**Provided information:**

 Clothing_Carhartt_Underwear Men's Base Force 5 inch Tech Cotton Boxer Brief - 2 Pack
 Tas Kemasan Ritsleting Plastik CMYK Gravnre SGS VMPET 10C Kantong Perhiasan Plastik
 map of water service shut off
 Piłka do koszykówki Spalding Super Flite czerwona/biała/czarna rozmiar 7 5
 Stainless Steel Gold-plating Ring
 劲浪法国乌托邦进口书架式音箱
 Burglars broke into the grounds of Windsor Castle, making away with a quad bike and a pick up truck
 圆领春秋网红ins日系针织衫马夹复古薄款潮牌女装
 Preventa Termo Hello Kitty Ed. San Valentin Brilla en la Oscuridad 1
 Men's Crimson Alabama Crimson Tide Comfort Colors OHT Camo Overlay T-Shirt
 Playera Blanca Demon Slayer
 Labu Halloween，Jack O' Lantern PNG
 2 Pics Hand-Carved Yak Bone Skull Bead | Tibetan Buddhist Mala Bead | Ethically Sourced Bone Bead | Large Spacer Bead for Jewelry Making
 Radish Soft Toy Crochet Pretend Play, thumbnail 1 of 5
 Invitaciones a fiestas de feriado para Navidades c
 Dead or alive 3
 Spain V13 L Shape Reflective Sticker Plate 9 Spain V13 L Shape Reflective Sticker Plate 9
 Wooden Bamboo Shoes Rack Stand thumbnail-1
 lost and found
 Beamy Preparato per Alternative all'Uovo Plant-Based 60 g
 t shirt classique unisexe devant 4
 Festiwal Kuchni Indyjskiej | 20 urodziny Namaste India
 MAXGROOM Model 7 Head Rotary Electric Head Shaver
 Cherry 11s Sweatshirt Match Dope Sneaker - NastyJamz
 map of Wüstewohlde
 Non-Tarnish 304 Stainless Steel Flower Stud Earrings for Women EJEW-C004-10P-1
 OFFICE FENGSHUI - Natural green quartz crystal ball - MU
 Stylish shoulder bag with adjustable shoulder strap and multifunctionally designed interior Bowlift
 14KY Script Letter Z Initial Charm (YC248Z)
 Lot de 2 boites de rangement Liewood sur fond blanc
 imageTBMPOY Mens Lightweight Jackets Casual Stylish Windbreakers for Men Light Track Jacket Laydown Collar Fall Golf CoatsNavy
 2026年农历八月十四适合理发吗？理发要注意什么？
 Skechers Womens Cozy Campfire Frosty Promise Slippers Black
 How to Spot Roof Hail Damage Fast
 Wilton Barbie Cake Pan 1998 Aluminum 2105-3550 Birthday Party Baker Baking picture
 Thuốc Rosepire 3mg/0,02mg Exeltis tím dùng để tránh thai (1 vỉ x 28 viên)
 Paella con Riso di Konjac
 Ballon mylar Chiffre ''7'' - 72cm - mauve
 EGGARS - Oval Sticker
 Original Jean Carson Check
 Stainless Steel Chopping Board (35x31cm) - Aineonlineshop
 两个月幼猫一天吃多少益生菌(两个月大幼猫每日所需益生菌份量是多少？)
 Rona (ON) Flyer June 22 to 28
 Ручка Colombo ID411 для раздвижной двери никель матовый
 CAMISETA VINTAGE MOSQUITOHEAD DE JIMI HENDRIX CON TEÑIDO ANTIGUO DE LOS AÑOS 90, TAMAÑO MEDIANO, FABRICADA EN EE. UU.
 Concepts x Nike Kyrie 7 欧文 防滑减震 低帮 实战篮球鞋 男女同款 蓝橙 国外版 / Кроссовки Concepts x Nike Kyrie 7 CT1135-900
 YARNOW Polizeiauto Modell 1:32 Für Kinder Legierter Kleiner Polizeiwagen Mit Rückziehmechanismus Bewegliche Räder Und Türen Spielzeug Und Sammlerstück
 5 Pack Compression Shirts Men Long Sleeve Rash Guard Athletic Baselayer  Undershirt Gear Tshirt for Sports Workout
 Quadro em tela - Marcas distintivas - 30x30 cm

**Problem requirements:**
In the listing above, find the line containing "Invitaciones a fiestas" and the line containing "14KY Script Letter Z Initial Charm (YC248Z)". Output them and every line between, exactly, and nothing else.

**Worked solution:**
 Invitaciones a fiestas de feriado para Navidades c
 Dead or alive 3
 Spain V13 L Shape Reflective Sticker Plate 9 Spain V13 L Shape Reflective Sticker Plate 9
 Wooden Bamboo Shoes Rack Stand thumbnail-1
 lost and found
 Beamy Preparato per Alternative all'Uovo Plant-Based 60 g
 t shirt classique unisexe devant 4
 Festiwal Kuchni Indyjskiej | 20 urodziny Namaste India
 MAXGROOM Model 7 Head Rotary Electric Head Shaver
 Cherry 11s Sweatshirt Match Dope Sneaker - NastyJamz
 map of Wüstewohlde
 Non-Tarnish 304 Stainless Steel Flower Stud Earrings for Women EJEW-C004-10P-1
 OFFICE FENGSHUI - Natural green quartz crystal ball - MU
 Stylish shoulder bag with adjustable shoulder strap and multifunctionally designed interior Bowlift
 14KY Script Letter Z Initial Charm (YC248Z)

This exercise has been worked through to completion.